Bottom line, the blow was blatantly illegal. It was not disguised on the end of a wayward hook, this was an elbow-first whack, as Breidis drew back his right arm and slammed it into the side of his opponent’s head. Byrd standing over Glowacki and ordering him to rise would have been forgivable had he been officiating a bar fight doused in lager and nub ends, but while in charge of a boxing match with a world title and a place in the World Boxing Super Series final at stake, it was not.
That Glowacki’s own illegal punch, which started the law-breaking extravaganza, was also overlooked by the referee should make interesting viewing when the bout is reviewed by authorities.
“I think the referee didn’t do nothing [about the blow to the back of my head] then I did a little bit of a dirty punch but I’m sorry for how I responded, it’s my old Muay Thai style,” admitted the 34-year-old Breidis, who is a hero of the highest order to his native Latvia where this contest was staged in the Riga Arena.

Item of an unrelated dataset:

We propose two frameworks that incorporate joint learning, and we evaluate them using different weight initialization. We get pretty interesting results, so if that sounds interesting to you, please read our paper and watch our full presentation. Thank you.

It has since been reported by Boxing Scene that Andrew Wasilewski, Glowacki’s promoter, is in the process of filing a formal complaint with WBSS, the WBO and the Latvian Professional Boxing Federation, who commissioned the bout. Undoubtedly, with the WBSS tournament format dictating a tight schedule, a rematch is not ideal. True also that this is a combat sport and illegal punches are part and parcel of the trade. But for the sake of justice – not always a prevalent concern in this crazy sport – a sequel should be a necessity.

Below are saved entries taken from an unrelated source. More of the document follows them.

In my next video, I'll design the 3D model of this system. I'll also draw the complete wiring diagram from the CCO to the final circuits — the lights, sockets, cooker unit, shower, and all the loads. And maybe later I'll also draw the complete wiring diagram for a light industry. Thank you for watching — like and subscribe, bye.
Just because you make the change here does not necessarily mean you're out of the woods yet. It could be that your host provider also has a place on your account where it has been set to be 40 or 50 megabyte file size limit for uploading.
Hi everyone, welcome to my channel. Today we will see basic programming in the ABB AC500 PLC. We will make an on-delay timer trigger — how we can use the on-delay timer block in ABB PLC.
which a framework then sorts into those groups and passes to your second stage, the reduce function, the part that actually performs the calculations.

If that occurs the hard-hitting Breidis will fancy his chances. The manner in which he set about the dazed 32-year-old when the action resumed was designed to end matters quickly. Perfectly legal blows sent Glowacki down twice more before the session ended under confusing circumstances which provide another nod to Byrd’s poor form.
The Pole’s corner believed the round had overran and entered the ring. The referee then signalled the contest was over before telling Glowacki to go to his stool for the minute’s rest. Meanwhile, Breidis calmly drank water, refilled his lungs with deep breaths, and prepared to apply the finishing touches to the mugging.
It came 27 seconds into the third. Glowacki, still hurt, attempted to go to work behind his lead but he was effortlessly countered by his energised rival. A savage right hand arced through the Pole’s arms and landed with a thud. Glowacki twisted cinematically before landing awkwardly, his forehead on the canvas and his arms out wide. The referee, at last, did the right thing and waved the contest off.
TALKING POINT: Briedis-Glowacki was also set to be for the vacant WBC title until the sanctioning body’s president, Mauricio Sulaiman, withdrew the belt on the eve of the bout after a row with WBSS over the officials. Citing an “abuse of power” by the WBSS, Sulaiman felt the WBO installing three of the four officials in a unification bout, in Briedis’ home town, was a serious conflict of interests.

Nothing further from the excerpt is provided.